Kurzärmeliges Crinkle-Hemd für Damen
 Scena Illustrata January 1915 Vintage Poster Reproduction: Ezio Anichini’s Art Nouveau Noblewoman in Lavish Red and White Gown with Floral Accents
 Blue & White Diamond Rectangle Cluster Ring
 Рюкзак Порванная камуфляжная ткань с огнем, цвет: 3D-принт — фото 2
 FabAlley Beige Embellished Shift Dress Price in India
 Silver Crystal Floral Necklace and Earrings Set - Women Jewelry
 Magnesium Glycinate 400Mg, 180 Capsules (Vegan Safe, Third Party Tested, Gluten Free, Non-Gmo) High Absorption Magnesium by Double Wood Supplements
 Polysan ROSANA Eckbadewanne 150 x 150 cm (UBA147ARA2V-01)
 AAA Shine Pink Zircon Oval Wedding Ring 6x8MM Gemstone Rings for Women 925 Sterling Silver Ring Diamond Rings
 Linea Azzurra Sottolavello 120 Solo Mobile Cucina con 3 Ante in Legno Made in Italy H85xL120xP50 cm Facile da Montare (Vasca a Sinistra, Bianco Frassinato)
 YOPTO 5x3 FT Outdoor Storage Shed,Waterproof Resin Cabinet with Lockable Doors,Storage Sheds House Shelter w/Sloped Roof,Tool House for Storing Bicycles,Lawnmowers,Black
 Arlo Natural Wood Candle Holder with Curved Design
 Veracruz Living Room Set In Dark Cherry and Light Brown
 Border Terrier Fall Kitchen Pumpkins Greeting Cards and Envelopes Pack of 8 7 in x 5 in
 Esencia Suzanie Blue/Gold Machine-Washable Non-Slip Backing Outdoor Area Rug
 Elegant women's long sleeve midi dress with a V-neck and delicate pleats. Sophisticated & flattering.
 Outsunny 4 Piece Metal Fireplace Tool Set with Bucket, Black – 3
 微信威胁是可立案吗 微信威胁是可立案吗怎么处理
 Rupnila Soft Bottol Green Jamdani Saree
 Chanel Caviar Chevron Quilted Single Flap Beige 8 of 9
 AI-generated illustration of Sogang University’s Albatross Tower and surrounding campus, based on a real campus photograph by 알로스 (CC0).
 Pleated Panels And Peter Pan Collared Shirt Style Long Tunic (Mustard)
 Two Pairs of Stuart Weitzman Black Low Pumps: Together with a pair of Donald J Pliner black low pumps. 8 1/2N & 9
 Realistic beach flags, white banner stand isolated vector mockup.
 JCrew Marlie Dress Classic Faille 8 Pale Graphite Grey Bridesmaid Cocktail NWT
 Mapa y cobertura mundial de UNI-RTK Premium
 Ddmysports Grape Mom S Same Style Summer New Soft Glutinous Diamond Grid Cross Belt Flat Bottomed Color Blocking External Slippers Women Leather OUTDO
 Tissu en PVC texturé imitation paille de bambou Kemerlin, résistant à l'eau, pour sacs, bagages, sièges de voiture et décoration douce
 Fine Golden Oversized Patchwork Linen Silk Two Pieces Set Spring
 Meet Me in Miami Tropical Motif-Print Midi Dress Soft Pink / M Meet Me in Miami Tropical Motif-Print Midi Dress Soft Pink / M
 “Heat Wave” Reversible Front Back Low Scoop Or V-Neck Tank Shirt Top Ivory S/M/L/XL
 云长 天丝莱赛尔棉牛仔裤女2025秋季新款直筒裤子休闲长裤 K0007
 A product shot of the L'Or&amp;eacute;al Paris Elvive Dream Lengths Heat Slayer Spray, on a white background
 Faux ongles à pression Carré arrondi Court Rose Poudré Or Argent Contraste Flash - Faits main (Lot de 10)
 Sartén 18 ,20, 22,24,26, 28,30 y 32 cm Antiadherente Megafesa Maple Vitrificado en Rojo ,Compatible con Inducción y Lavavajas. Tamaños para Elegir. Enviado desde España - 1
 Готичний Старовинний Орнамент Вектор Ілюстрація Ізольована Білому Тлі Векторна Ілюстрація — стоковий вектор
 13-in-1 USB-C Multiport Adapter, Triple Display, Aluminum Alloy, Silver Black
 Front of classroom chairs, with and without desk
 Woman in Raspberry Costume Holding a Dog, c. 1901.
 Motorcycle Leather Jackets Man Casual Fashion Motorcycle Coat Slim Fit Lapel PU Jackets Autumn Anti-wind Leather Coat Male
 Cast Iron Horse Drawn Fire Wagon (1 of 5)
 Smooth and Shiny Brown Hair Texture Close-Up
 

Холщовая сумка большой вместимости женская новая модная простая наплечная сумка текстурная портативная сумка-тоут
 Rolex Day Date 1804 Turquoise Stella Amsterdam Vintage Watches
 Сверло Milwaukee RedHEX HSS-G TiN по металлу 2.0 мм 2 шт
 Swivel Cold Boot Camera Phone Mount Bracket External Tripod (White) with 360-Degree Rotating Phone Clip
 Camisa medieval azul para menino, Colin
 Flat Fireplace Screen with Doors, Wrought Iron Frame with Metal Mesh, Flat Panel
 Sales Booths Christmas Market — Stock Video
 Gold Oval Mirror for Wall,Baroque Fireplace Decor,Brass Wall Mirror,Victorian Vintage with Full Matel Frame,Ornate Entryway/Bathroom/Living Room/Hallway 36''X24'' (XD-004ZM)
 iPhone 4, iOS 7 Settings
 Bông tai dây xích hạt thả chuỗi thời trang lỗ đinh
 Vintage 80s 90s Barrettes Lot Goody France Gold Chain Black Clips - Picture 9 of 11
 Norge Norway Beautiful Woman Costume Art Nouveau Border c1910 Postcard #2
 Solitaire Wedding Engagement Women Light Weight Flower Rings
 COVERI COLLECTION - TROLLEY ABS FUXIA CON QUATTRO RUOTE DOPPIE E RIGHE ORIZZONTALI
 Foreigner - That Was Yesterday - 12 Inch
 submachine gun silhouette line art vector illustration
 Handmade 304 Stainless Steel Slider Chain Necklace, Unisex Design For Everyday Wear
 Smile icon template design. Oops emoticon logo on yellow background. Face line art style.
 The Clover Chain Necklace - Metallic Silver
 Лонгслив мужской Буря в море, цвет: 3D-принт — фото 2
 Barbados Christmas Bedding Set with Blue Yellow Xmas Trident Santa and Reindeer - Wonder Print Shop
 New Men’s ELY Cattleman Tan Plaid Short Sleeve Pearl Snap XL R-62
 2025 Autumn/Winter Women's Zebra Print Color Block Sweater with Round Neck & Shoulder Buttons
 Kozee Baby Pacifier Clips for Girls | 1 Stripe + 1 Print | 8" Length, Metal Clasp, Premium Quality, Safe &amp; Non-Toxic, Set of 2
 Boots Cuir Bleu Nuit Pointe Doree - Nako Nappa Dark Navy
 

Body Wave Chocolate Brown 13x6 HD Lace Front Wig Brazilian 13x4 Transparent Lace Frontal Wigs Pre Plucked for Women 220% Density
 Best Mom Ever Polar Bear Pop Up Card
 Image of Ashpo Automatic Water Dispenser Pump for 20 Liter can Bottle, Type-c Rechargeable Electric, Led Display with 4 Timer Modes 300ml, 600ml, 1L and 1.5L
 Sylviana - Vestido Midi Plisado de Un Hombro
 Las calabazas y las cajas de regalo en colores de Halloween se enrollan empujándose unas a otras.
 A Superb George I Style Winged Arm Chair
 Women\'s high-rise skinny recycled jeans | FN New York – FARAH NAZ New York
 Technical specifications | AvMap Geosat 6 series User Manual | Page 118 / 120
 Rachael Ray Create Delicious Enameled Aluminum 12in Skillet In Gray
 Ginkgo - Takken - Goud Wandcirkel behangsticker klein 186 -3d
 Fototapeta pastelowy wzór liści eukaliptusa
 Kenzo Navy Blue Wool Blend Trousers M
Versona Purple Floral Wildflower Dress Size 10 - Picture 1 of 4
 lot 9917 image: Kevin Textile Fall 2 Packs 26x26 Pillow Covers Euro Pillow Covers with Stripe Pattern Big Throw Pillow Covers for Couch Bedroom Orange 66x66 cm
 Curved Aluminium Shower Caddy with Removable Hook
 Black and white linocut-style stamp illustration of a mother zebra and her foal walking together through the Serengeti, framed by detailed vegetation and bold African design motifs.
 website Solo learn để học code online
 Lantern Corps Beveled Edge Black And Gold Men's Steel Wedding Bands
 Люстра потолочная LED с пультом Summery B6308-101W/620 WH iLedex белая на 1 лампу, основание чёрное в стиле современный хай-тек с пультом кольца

# What you should do
Which lines above run from the one containing "Fine Golden Oversized" down to the one containing "Sartén 18 ,20, 22,24,26, 28,30"? Repeat exactly those, both ends included, and nothing else.

# Task answer
 Fine Golden Oversized Patchwork Linen Silk Two Pieces Set Spring
 Meet Me in Miami Tropical Motif-Print Midi Dress Soft Pink / M Meet Me in Miami Tropical Motif-Print Midi Dress Soft Pink / M
 “Heat Wave” Reversible Front Back Low Scoop Or V-Neck Tank Shirt Top Ivory S/M/L/XL
 云长 天丝莱赛尔棉牛仔裤女2025秋季新款直筒裤子休闲长裤 K0007
 A product shot of the L'Or&amp;eacute;al Paris Elvive Dream Lengths Heat Slayer Spray, on a white background
 Faux ongles à pression Carré arrondi Court Rose Poudré Or Argent Contraste Flash - Faits main (Lot de 10)
 Sartén 18 ,20, 22,24,26, 28,30 y 32 cm Antiadherente Megafesa Maple Vitrificado en Rojo ,Compatible con Inducción y Lavavajas. Tamaños para Elegir. Enviado desde España - 1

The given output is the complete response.